Closed pcapriotti closed 12 years ago

pcapriotti commented 12 years ago

The category axioms do not hold for either the Lazy or Strict category instances, even if we identify observationally equal pipes. In particular, composition is not associative:

runPipe $ lift (print 1) >+> yield () >+> lift (print 2)

prints 2, while

runPipe $ lift (print 1) >+> (yield () >+> lift (print 2))

prints 2 and 1.

Also, id is not a right identity for terminated pipes. For example, given

feed = yield () >> lift (print 0)
p1 = feed >+> return ()
p2 = feed >+> (idP >+> return ())

the pipe p2 prints 0 while p1 doesn't print anything.

I initially thought it was just a matter of reordering some clauses in the definition of composition, but now I'm not so sure this could be fixed so easily. In fact, x >+> Yield should always evaluate to Yield (as it does currently), otherwise something of the form Yield >+> Await >+> Yield doesn't associate. But then it seems that my first counterexample is unavoidable.

The issue with identity is less of a concern, since it's always possible to introduce a formal identity (for example, by adding a Transform (a -> b) alternative to the Pipe declaration).

Gabriella439 commented 12 years ago

Thanks for pointing this out. I will check these when I get to my work computer, but if I remember the ordering of my case statement correctly, all of those should work. In your first counterexample, the second pipe should print two since the most downstream pipe never awaits before it pures and ends the whole pipeline. And the second example should never print anything because downstream pure trumps everything, including the idP's await. When I get to work I will test it myself and give you the full breakdown of how I proved the order of the case statements. On Jan 20, 2012 7:53 AM, "Paolo Capriotti" < reply@reply.github.com> wrote:

The category axioms do not hold for either the Lazy or Strict category instances, even if we identify observationally equal pipes. In particular, composition is not associative:

runPipe $ lift (print 1) >+> yield () >+> lift (print 2)

prints 2, while

runPipe $ lift (print 1) >+> (yield () >+> lift (print 2))

prints 2 and 1.

Also, id is not a right identity for terminated pipes.

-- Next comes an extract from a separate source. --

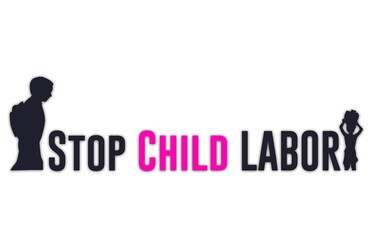 Text Label on Stop child labor Cover title in the concept of world child labor day.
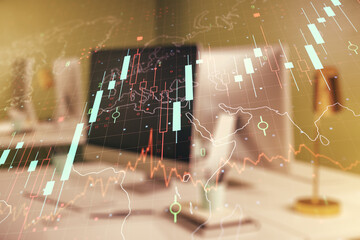 Multi exposure of abstract creative financial chart with world map on laptop background, research...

For example, given

feed = yield () >> lift (print 0) p1 = feed >+> return () p2 = feed >+> (idP >+> return ())

the pipe p2 prints 0 while p1 doesn't print anything.

I initially thought it was just a matter of reordering some clauses in the definition of composition, but now I'm not so sure this could be fixed so easily. In fact, x >+> Yield should always evaluate to Yield (as it does currently), otherwise something of the form Yield >+> Await >+> Yield doesn't associate. But then it seems that my first counterexample is unavoidable.

The issue with identity is less of a concern, since it's always possible to introduce a formal identity (for example, by adding a Transform (a -> b) alternative to the Pipe declaration).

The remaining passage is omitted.